During his premiership he achieved many reforms and basic liberties we now take for granted. In 1908, 12 years after adult females in South Australia had won the right to vote but 20 years before their British counterparts achieved the same, Tom and his beloved Annie visited the UK. Tom’s mission at the Franco-British Exhibition was to explore new trade markets for South Australian produce with produce as diverse as olives and wine, apples and wool. Annie and Tom were treated like royalty wherever they went, paraded through the streets of big cities and small towns, Tom delighting huge crowds with his humor, his reminiscences, his undiminished passion.

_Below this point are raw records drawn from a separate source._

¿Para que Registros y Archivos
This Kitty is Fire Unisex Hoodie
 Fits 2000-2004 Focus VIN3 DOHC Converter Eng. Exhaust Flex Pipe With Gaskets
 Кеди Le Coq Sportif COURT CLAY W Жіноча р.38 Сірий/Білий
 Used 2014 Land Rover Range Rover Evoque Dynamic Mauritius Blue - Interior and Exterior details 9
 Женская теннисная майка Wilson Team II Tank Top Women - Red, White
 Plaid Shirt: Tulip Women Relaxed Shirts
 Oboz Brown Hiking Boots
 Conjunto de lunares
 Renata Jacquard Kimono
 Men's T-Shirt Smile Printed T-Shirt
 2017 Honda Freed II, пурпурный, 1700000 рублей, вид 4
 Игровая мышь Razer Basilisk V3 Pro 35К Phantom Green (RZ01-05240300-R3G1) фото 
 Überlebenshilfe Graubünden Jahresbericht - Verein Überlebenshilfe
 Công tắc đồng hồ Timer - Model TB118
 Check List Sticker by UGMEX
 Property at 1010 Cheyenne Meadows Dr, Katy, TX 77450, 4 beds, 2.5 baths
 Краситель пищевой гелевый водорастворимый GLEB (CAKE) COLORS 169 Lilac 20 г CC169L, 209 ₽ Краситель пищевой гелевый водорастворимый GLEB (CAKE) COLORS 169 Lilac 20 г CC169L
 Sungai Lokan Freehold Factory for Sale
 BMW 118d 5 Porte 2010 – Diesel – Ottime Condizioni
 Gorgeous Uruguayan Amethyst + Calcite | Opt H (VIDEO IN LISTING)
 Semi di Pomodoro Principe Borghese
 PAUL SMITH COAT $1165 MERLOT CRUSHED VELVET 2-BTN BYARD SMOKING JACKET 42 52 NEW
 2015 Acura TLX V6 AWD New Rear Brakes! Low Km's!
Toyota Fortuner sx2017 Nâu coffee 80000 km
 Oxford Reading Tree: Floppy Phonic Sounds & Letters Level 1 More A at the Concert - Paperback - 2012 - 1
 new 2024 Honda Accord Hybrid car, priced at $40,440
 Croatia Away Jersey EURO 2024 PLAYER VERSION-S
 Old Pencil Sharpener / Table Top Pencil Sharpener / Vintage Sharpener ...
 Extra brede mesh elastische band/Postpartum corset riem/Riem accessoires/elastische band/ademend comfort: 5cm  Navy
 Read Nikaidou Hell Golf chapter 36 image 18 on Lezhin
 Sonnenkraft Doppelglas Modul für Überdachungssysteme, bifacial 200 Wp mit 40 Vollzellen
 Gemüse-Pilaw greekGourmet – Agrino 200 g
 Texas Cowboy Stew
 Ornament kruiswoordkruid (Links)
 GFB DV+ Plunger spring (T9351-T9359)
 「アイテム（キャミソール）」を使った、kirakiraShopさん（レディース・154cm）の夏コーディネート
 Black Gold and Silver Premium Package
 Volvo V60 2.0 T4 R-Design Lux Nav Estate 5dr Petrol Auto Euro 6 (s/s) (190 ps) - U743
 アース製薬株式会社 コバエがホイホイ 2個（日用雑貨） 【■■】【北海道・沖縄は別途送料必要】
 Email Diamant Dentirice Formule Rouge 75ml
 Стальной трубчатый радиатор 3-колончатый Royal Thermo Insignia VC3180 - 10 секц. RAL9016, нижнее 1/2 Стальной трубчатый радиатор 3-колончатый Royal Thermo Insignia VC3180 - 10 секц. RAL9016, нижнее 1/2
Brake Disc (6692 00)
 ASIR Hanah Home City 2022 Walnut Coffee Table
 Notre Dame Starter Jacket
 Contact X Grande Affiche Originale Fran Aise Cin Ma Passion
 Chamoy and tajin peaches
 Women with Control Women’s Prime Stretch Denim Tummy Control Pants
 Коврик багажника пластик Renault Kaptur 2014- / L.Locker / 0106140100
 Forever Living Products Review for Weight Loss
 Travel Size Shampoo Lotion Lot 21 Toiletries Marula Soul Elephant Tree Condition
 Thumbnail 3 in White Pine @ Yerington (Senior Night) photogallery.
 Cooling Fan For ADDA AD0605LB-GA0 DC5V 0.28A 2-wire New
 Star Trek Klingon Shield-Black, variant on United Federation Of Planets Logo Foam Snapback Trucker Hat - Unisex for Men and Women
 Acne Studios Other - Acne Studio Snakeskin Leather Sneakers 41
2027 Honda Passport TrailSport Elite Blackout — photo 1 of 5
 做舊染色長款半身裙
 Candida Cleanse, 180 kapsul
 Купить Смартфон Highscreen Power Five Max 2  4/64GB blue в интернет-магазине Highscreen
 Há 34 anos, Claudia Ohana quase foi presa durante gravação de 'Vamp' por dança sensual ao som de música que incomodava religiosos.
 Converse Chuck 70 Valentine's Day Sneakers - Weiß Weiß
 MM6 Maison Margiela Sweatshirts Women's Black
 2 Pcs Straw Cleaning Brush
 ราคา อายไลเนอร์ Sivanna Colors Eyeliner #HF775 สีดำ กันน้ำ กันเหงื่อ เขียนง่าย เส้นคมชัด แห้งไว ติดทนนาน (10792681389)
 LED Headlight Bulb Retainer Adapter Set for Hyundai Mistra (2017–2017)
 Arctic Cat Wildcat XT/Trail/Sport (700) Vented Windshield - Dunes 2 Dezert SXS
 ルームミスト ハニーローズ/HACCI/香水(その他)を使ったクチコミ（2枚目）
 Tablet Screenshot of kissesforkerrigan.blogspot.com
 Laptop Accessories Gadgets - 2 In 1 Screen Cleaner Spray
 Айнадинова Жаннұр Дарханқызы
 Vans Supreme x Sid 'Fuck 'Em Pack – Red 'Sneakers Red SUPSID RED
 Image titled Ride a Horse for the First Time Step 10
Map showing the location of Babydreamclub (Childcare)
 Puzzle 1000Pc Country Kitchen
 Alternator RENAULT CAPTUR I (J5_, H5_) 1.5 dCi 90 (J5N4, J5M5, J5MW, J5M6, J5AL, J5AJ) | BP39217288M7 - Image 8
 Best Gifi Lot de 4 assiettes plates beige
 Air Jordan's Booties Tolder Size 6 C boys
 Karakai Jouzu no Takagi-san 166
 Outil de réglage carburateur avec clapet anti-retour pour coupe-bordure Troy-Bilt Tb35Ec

The couple took the time to visit the homes of their relatives in Wales and Liverpool. We can only imagine that Annie’s parents, had they still been alive, must have regretted their past snobbish behavior especially when, to top off the spectacular visit, the former nobody stonecutter was asked to give the toast at a royal dinner where their daughter was formerly presented to the King and Queen.
After the strenuous overseas trip, Tom’s health failed. He had finally succumbed to ‘Stonecutter’s Disease’. Thousands of mourners huddled six deep in drizzling rain as the horse-drawn cortege traveled some miles from the family’s humble cottage to the local cemetery.
Tom Price the man died in May 1909.
But how a self-educated stonecutter became a life-changing reformer, outstanding statesman and minister of education is a powerful story that deserves to live forever.